Spring Walk - Prince Edward Park, Woronora.

This morning I took a well-deserved break and joined a group walk organised by my local council. The walk took us through Prince Edward Park at Woronora and it was thoroughly enjoyable! I'll let the pictures do the talking...

We started the walk opposite The Boatshed (pictured below).

We then walked along Prince Edward Park Road up into the park itself.

Prices Cave, Prince Edward Park, Woronora.

We walked up to the top and could see glimpses of the river down below.

Spotted lots of lovely native plants along the way, including this Gymea Lily.

Then we descended and walked along the river back to the starting point.

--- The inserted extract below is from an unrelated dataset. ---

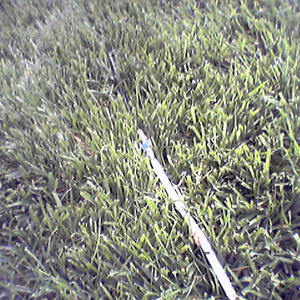 Snake in the grass...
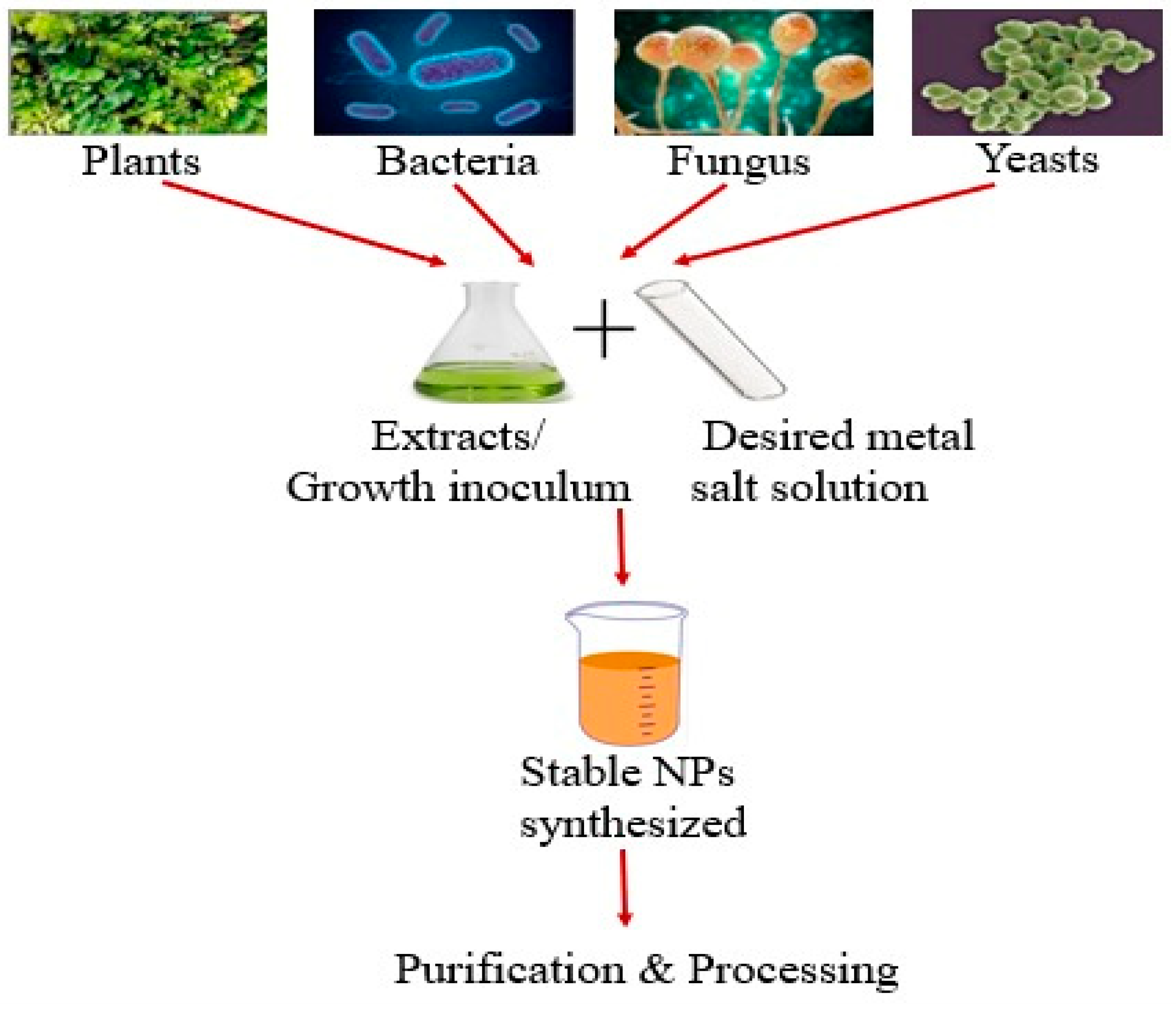 Preprints 91447 g001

It was such a lovely walk but not one I would do on my own, so it's great the council organises these leisure activities, and it's nice to meet like-minded people. There's a few more coming up that I'm interested in but the countdown is on now for the lead-up to Christmas and I've been very busy on the business side of things getting everything up and running since the name change. You can follow all the progress over on my other blog or facebook page... and if you're looking for some lovely Christmas gifts please pop on over to my freshly stocked Etsy shop for lots of nature-inspired designs handmade into fabulous eco-friendly and ethical products.

Tuesday, October 1, 2013

Feathered Friends - Rainbow Lorikeets

With all the beautiful Bottle Brush in bloom at the moment we have several rounds of birds visiting during the morning and afternoon to feast...

In early September I shared these images of the lovely Crimson Rosellas but the Bottle Brush was not yet in bloom so I'm not sure if they are still coming, I'll have to keep a closer look out.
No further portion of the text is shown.